The history of Leon Bridges illuminates much about contemporary soul music. He is a black artist from the South, “discovered” by established white rockers, Austin Jenkins and Josh Block of White Denim. His classic brand of doo-wop, soul, and gospel is being touted as a “revolution.”
But what does Leon Bridges do that sounds so new? What does he bring that makes old feel contemporary? The answer, for better or worse, is very little.
Modern soul’s two divergent directions are best illustrated by the genre’s de facto royalty: Queen Adele and King D’Angelo. While one veers towards power ballads and the other jazz-funk, neither particularly resembles the ancient artists like Otis Redding that Leon Bridges so deftly imitates. That’s why early singles like “Coming Home” felt so unique and essential when first released, despite basically being ‘60s reboots. Like a time machine, the song’s opening moments effortlessly transport us, employing familiar doo-wop harmonies and Bridges’ smooth “Baby, baby baby…” to suggest the past as a retro diner employs red leather booths and chrome.
However, if Bridges’ refusal to update his music is often one of the album’s strengths, his refusal to update his lyrics, especially concerning the album’s amorous and romantic themes, is certainly one of its weaknesses. “Better Man” hampers a relatively innocuous adultery story with lines like, “I was singing with them jezebels,” namedropping a ‘60s era racial stereotype as antiquated as any. “Brown Skin Girl” follows with a promising bouncy, brass-buoyed number, but hangs itself up describing less a modern beauty than a 1950s fantasy—a “princess, little honey with a polka dot dress on,” “white pearls round her neck,” and “ruby-lipped" to boot. Even the album's romantic geography is rooted in the historical mystique of old-school blues—proving his love by crossing the Mississippi River or recounting his mother's romantic adolescence in New Orleans.
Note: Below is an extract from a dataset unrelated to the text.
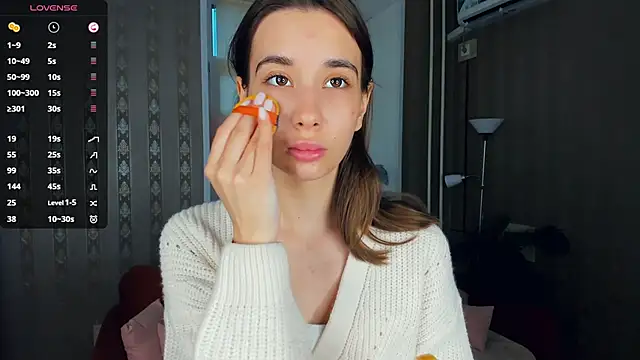 JacalynSchreiber online show from November 26, 2025, 11:55 am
It’s not that Bridges is incapable of describing romance in more current terms, but that he’s unconcerned with reaching modern audiences through modern means.
This outmoded style, of course, is the draw, musically. Coming Home more often than not possesses a venerable, regal beauty. Bridges’ voice is charming and persuasive. The backing band proves itself more than capable on any variety of musical throwbacks. It’s this precise competence, however, that makes me wish Bridges had even once treaded into deeper water. Instead of using his enormous talent to reinvigorate modern soul with its antecedents’ earthy rebelliousness, Bridges fully retreated into protective cave of commercial viability to create Coming Home, whose popularity will owe itself, in equal parts, to musical craftsmanship and borrowed nostalgia.
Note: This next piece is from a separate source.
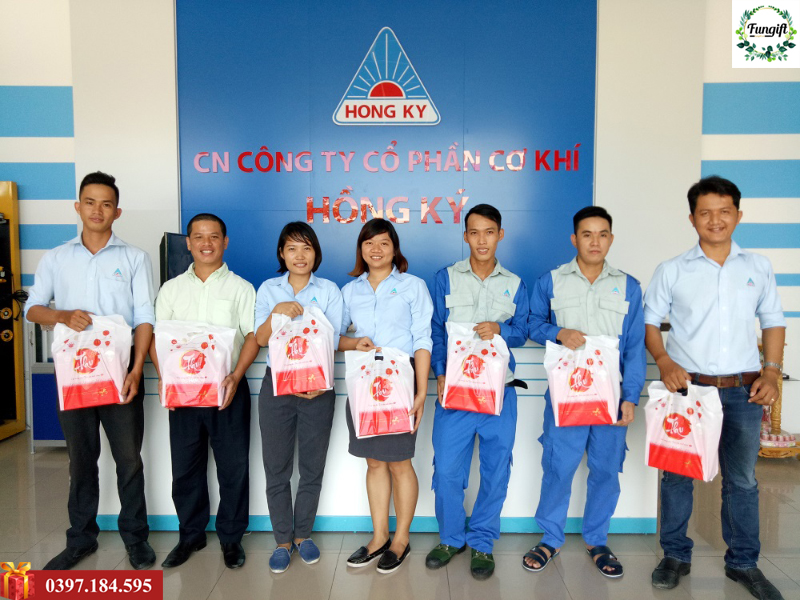 Quà tặng trung thu cho nhân viên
It is in “River,” the final and best song on the album, that we discover some hope as to Bridges' future direction. Singing over a guitar that recalls indie-folk mainstays like Fleet Foxes, Bridges breaks the song open with a chorus born of Black American Baptist gospel, proving that a swelling choir and well-placed biblical imagery is as effective now as ever. While religious yearning can seems forced or affected in modern pop music, Bridges anchors the song with an earnestness and sincerity that the album’s remainder, despite its absence of pretensions, often lacks. Perhaps it’s because his music never once acknowledges the present, a place where Leon Bridges most certainly lives.
There’s a distinct pleasure in finding something so clearly displaced in time, like discovering a byzantine vase in a Bed, Bath, and Beyond. Yet, as the novelty fades, all one is left is something pretty at which to gaze. This complete lack of musical and social context—as further indicated by the story of Bridges' emergence—renders the pleasures of Coming Home ephemeral, equal in duration only to the length of each song. The album is one giant, immaculate anachronism, unimpeachable, but rarely brave.